I may put this label on a few bottles ....

Frankenwine Label.png
 
. But, I guess if I want to find the right Grenache/Syrah balance, there's no reason why I can't just make both of them separately and blend later on. It would obviously give more control over the blend.

Agreed. Theoretically. But in reality our old schooler teachers knew a thing or two about logistics. Full time jobs & raising families w/ limited means.
Field blending just made sense. GSM of 3 separate wines= more vol of each, 3x amount of work at every turn. 3 crushes, ferments, pressings, racks, cleanups, vessels, space, the leftover odd amounts.
Also,without a refined palate the blending part was basically a guessing game for me.

But it is fun to do if ya have the means. My fam did exactly as you mentioned. The supplier suggested a blend ratio (in our case it was Alicante, muscat, Thompson seedless, & Zin) and they made it for generations. As @winemaker81 says, ya got what ya got. Coincidentally, when I visited family in Italy years back their homemade wine (from homegrown grapes) tasted almost identical to ours here in the US.
Regarding the Mourvèdre, whether field or separate, my vote is to substitute w/ anything (or everything) and just call it Chateuneuf-du-Jbu50.
 
How much wine, in total, are you planning? If you have the capacity, make 3 gallon carboys of some of the other grapes mentioned to use in blending.

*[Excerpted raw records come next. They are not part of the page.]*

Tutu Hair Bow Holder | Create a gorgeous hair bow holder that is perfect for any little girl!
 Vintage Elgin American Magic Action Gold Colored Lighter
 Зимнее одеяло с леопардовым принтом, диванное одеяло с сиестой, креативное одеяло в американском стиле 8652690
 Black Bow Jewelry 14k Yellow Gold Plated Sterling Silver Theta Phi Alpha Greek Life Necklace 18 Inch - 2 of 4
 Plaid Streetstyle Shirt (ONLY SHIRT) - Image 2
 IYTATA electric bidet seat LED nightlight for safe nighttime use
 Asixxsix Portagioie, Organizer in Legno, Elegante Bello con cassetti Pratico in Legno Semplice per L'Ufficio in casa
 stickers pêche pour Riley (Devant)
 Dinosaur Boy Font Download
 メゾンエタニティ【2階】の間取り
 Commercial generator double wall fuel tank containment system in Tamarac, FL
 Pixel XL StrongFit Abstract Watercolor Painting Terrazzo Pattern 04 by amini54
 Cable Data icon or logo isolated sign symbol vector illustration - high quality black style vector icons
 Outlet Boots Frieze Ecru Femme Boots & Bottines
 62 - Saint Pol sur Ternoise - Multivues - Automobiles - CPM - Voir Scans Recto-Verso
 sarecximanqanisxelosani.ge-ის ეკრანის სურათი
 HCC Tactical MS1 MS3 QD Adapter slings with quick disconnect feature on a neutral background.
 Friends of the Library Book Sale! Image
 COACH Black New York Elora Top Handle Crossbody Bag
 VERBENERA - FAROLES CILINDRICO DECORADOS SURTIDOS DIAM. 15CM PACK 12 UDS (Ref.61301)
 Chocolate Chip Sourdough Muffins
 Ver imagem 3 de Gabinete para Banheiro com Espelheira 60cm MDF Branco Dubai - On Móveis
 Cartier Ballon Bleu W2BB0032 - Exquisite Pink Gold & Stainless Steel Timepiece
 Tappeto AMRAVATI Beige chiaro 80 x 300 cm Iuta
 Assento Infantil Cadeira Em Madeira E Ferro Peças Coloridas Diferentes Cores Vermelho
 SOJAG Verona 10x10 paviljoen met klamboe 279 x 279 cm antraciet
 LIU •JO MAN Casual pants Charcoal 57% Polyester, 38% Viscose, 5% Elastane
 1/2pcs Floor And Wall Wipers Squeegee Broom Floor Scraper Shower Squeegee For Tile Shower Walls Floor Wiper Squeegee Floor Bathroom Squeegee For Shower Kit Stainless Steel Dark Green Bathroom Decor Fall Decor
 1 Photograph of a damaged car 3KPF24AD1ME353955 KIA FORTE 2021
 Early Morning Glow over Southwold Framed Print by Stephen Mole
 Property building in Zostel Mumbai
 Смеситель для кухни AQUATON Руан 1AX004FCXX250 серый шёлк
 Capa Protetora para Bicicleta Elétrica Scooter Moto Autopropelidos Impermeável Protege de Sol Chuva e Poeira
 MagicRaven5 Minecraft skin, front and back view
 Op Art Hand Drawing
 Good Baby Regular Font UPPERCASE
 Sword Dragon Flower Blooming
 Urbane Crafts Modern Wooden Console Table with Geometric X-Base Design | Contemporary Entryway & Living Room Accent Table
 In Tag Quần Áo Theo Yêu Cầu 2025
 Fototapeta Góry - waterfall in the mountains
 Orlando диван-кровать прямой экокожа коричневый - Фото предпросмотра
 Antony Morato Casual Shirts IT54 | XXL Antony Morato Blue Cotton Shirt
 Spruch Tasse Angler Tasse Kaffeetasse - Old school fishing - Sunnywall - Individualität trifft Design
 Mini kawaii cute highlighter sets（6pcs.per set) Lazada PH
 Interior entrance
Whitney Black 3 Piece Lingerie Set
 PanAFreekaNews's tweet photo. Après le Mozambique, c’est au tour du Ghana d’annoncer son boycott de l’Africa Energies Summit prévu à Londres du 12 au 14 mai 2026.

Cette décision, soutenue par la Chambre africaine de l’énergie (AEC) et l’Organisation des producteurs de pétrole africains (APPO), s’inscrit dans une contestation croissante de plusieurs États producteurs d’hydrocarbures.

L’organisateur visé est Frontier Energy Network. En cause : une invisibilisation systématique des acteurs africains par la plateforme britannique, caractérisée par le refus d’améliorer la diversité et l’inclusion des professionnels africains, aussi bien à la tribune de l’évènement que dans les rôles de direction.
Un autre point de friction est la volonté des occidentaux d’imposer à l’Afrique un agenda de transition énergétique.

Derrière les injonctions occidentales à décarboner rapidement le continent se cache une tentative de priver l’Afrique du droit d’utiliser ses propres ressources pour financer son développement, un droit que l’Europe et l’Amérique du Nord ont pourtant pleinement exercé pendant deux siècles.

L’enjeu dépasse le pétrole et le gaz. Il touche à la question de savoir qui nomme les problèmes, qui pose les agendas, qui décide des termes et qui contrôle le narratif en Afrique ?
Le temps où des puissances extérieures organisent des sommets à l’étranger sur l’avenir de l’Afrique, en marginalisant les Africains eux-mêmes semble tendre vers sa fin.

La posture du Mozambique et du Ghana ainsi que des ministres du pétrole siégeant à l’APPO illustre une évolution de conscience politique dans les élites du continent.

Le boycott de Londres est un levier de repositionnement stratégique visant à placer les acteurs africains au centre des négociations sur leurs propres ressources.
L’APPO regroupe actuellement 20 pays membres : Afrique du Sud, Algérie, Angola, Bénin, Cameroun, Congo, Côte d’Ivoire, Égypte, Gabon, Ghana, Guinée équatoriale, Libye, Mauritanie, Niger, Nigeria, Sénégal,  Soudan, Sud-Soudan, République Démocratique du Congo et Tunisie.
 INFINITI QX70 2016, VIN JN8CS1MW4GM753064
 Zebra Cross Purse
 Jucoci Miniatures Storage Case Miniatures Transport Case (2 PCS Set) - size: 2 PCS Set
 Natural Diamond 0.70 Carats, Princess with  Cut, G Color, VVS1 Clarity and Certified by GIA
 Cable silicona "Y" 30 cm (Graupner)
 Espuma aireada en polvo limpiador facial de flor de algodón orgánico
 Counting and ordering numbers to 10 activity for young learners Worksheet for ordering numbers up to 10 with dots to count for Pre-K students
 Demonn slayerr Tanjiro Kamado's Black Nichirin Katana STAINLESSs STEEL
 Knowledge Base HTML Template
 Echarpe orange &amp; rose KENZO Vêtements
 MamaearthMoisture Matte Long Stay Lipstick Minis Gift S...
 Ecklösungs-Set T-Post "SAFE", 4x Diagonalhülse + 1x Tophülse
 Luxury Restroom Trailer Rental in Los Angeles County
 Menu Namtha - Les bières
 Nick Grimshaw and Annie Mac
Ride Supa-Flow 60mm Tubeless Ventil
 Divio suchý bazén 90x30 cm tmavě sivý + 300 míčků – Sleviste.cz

A large chunk of the guys that taught me had their own recipes, e.g., 10 boxes Zinfandel, 3 boxes Muscat, 2 boxes Alicante, etc. Most were very rigid and never wavered from their chosen recipe. I suspect this developed from older times when the community harvested the grapes from the vineyard and it all went into the vat. Ya got what ya got, as the grapes were what they were.
I've always made wine by the demijohn. 6 cases = 1 demijohn is the rule. By cases, I mean the 36lb wood boxes. Nowadays the trend seems to have shifted to 42lb plastic lugs, but I think the rule is the same. Anyway, I like the idea of making a 3 gallon carboy of the Mourvedre substitute and I might just make a demijohn instead of each - Petite Verdot and Petit Sirah, because as it ages its still good for blending with my other projects. I'm still old school enough to just field blend 50/50 Grenache/Syrah. There is something seductive in that approach - mixing the two different varieties together into the barrel and fermenting together. Gotta trust your intuition. Blending post-fermentation is probably more precise, but has anybody every compared the two different approaches? At the home winemaking scale, its obviously more efficient to field blend. But has anybody every compared the final result between field blending and post-fermentation blending? Perhaps that's a discussion for another thread. But, I'm gonna do some more tests at home, blend some of my Grenache with some store bought Shiraz and see what ratio I like the best, and then just do that ratio in a field blend. I'd probably want 2 demijohns for myself, and my cousin who got me interested in Rhone is gonna want at least 1 demijohn, so there you go. 3 demijohn, plus 1 for my Dad, that's four! Chateuneuf-du-JohnnyB!